[Provided material Boundary: Start]

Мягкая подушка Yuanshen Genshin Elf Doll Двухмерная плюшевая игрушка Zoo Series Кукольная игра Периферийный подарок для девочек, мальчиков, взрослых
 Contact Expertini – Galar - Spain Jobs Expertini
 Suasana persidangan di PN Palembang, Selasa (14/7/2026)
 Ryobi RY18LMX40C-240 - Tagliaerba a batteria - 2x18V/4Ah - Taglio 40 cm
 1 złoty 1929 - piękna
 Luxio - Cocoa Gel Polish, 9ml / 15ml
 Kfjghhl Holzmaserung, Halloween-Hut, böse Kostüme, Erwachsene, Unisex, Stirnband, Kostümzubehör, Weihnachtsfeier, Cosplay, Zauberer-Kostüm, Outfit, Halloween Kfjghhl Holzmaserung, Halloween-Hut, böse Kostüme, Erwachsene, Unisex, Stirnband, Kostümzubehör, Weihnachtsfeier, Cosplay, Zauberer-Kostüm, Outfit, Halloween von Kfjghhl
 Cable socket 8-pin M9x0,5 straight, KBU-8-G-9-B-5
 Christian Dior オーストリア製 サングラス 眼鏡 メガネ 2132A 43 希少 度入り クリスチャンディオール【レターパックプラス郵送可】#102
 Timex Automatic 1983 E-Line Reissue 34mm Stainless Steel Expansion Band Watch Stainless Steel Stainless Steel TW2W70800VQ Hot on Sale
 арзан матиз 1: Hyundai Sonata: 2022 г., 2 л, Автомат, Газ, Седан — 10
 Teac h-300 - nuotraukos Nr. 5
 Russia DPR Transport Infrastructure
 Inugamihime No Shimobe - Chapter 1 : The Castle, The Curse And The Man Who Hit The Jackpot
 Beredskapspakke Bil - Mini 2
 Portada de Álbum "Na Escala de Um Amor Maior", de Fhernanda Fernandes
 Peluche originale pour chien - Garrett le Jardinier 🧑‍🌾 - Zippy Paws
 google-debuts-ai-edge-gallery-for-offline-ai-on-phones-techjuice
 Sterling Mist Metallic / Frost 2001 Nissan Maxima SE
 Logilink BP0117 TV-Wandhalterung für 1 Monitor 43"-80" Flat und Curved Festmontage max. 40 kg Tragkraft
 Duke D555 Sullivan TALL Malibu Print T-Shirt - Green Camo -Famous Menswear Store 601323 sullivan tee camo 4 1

[Provided material Boundary: End]

From the line containing "Logilink BP0117 TV-Wandhalterung" to the last line of the listing, write everything out exactly. Nothing outside that stretch belongs.

Result of the task |
 Logilink BP0117 TV-Wandhalterung für 1 Monitor 43"-80" Flat und Curved Festmontage max. 40 kg Tragkraft
 Duke D555 Sullivan TALL Malibu Print T-Shirt - Green Camo -Famous Menswear Store 601323 sullivan tee camo 4 1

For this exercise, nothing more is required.